→ Short web captions:
▽
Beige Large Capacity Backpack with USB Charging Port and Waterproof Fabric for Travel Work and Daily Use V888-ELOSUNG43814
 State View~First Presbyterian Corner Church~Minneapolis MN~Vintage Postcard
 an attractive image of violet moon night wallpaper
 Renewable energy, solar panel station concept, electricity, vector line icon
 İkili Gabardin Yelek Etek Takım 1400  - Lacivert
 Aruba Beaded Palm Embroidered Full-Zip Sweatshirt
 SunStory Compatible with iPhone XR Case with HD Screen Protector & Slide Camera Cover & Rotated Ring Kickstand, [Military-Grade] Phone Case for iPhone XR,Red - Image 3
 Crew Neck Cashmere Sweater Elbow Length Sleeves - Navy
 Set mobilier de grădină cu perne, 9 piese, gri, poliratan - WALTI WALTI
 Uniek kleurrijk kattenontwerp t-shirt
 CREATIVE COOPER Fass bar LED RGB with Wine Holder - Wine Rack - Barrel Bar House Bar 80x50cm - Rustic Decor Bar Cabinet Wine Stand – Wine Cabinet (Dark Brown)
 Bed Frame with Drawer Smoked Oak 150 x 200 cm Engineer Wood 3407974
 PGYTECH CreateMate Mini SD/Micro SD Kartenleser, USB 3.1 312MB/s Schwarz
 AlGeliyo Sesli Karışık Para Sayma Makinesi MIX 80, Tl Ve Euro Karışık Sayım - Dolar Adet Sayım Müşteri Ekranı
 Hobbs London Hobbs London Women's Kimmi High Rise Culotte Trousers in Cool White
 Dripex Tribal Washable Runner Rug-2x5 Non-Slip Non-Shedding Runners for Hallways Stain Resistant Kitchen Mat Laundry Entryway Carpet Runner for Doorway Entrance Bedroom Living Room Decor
△
→ Exercise instructions:
Begin at the first line of the records above and quote every line verbatim through the one that contains "Aruba Beaded Palm".

→ Reply:
Beige Large Capacity Backpack with USB Charging Port and Waterproof Fabric for Travel Work and Daily Use V888-ELOSUNG43814
 State View~First Presbyterian Corner Church~Minneapolis MN~Vintage Postcard
 an attractive image of violet moon night wallpaper
 Renewable energy, solar panel station concept, electricity, vector line icon
 İkili Gabardin Yelek Etek Takım 1400  - Lacivert
 Aruba Beaded Palm Embroidered Full-Zip Sweatshirt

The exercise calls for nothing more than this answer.